Or nous avons des choses à nous dire, mais pour savoir lesquelles il faudrait avoir un langage qui le permette. C’est-à-dire qui nous permette d’aller plus loin dans nos échanges que ce que nous permet le langage que nous fabriquons et que nous parlons, mais qui n’est jamais fixé une bonne fois pour toutes. C’est sous tous ces aspects que notre vie est dans l’impasse ici. Pour comprendre comment et pourquoi nous en sommes arrivés là, il faut disposer d’un langage précis et clair, on ne peut pas se contenter d’expressions toutes faites. C’est une question politique essentielle parce que c’est d’elle que dépend notre force collective. Notre force d’invention, d’existence et de conquête.

Mais aussi, comment conquérir quoi que ce soit de nouveau et qui nous convienne à tous, si nous ne pouvons pas approfondir nos idées entre nous ? Et comment approfondir nos idées et les échanger, les critiquer entre nous pour les améliorer si nous n’avons pas un langage riche et détaillé pour ça ? Si nous nous contentons de quelques expressions qui servent juste à se sentir entre nous, à nous protéger du reste.

La question qui se pose à nous est donc celle-ci : devons-nous employer le langage de ceux qui nous rejettent, qui nous excluent et nous enferment dans ce qu’ils appellent notre identité ? Ou devons-nous répondre à cette exclusion en faisant nôtre ce qu’ils appellent notre identité ?

La réponse est que ce n’est pas le langage qui  nous a privés d’espoir, de dignité et d’avenir, mais ceux qui l’emploient. Et ils sont les premiers à dire de notre façon de parler leur langue qu’elle est le signe de notre identité. Comme si ne pas vouloir parler leur langue ou la parler avec réserve, c’était inscrit dans nos gènes et que nous nous réduisions à çà.

Le langage qu’ils emploient pour nous maintenir dans la disgrâce (ou pour faire croire que la raison de cette disgrâce, c’est notre « identité » profonde) n’est pas destiné uniquement à nous maintenir dans la disgrâce. Il n’a pas été construit pour çà mais pour se parler, pour communiquer. Il a été construit par tous ceux qui sont passés par la disgrâce avant nous. Alors, ce langage, potentiellement, est aussi le nôtre. Mais ce qu’il nous faut, c’est lui donner un usage différent, nouveau, qui parle pour nous. Il nous faut donc nous méfier de ce que nous disons car, jusque-là, nous parlions le langage des autres avec des images et des expressions toutes faites qui parlent pour nous sans que nous nous en rendions compte. Il faut que nous parlions d’abord pour dire une réalité à venir et ne pas nous contenter de la réalité à venir et ne pas nous contenter de la réalité présente.
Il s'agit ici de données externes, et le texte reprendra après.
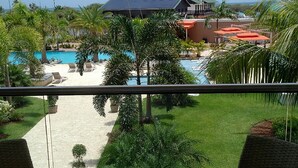 Une vue d’une zone de piscine avec des chaises longues, un bâtiment doté d’un toit végétalisé et un ciel dégagé.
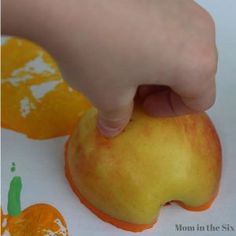 a hand is picking up an apple with oranges on the table next to it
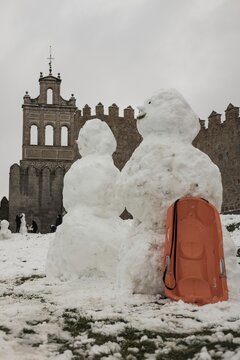 A lively winter scene at the northern stone fortifications of Avila, Spain, where locals and visitors play in the deep snow and build snowmen against the backdrop of the historic medieval walls.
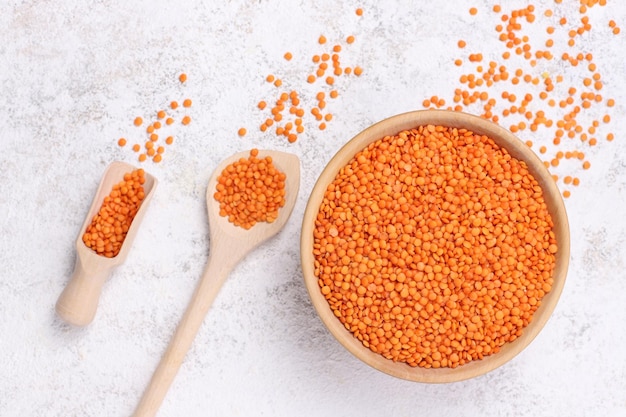 Lenticchie rosse in piatto di legno e cucchiaio su sfondo di pietra bianca Super cibo vegetariano Vista dall'alto Piatto lay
Il nous faut parler au pouvoir avec notre langage nouveau et lui parler sans détour, clairement, sans honte ni effets de style, ni folklore, ni pseudo-provocations ; il nous faut parler clairement au pouvoir parce que c’est pour l’ensemble des frères et des sœurs que nous parlons en lui parlant, et c’est à nous-mêmes aussi que nous parlons. Et pour nous, il faut que nous parlions un langage noble, pas une mixture de publicités, de feuilletons télévisés, de clips vidéo et de jargons d’experts politiciens, sociologues, psychologues et autres.
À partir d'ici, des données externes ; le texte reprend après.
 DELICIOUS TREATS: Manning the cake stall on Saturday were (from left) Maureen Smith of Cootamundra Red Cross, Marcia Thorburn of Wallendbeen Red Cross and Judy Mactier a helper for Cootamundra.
Donc, que signifie cette expression : « notre identité » ? Je le répète : qu’est-ce que ça veut dire cette histoire d’identité ? Est-ce que c’est nous qui parlons d’identité ? Non ! Alors, c’est que ça importe plus à certains qu’à nous. Et là-dessus, une chose est claire, c’est que ceux qui parlent de « notre identité », ce sont ceux qui ont le pouvoir ou qui y participent, et ceux-là ne parlent jamais de la leur d’identité, c’est-à-dire pas de la place qu’ils occupent dans le monde et pas de l’endroit où ils sont nés. En réalité, quand ils parlent de « notre identité » ils veulent dire que ce sont eux qui distribuent les places dans la société, et pas l’inverse, que c’est à eux et pas à nous de dire comment nous devons être considérés dans la société qu’ils dirigent. Eux, ils n’ont pas d’identité, ils se placent au centre de l’univers. L’identité, c’est l’autre façon de nommer ceux qui ne sont pas au pouvoir, ceux qui ne « sont pas » le pouvoir et qui n’ont aucun pouvoir sur leur vie.
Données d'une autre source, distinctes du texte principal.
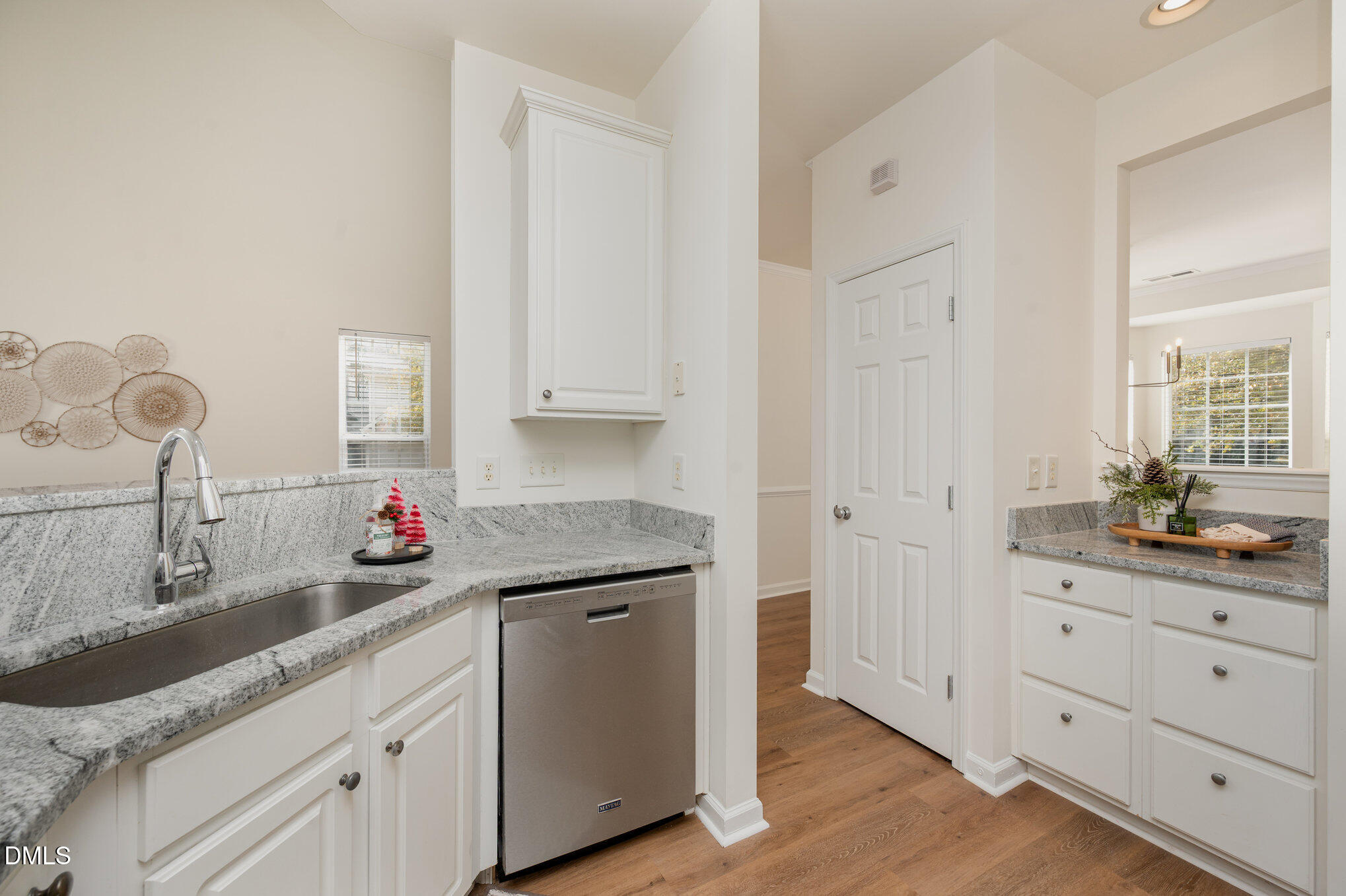 8400 Whisper Ridge Place Raleigh, NC 27613 - Photo 12 of 27 a kitchen with granite countertop white cabinets and a sink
Parce que le pouvoir, ce n’est pas qu’une situation dans la hiérarchie, celle de celui ou de celle qui domine au nom des autres ou en son nom personnel ; non, le pouvoir c’est une attitude, et il y a des gens dans la société qui n’ont pas un poste de pouvoir et qui exercent le pouvoir malgré tout. Qu’est-ce que ça veut dire ? Ça veut dire que la discrimination ordinaire par exemple, celle pour le travail ou pour le logement ou pour la liberté de circuler en ville sans être harcelé par la police, cette discrimination, elle est d’abord inscrite dans l’exercice du pouvoir et dans la marche des institutions et ce sont les gens tout simples, sans pouvoir ni fortune, qui la relaient sous forme de racisme ordinaire. Elle ne vient pas seulement de la cervelle des gens, conscients ou pas, elle vient de quelque chose qui est écrit entre les lignes, en filigrane dans les rapports de pouvoir. Et lorsque vous vous retrouvez en face d’un pouvoir qui vous respecte, il ne fait que renverser les choses sans changer la donne. Il vous respecte, certes, mais il fait tout simplement le contraire de ce qui lui est implicitement recommandé de faire, alors que ce qu’il faut changer c’est tout ce qui établit la distinction. La discrimination positive reste de la discrimination.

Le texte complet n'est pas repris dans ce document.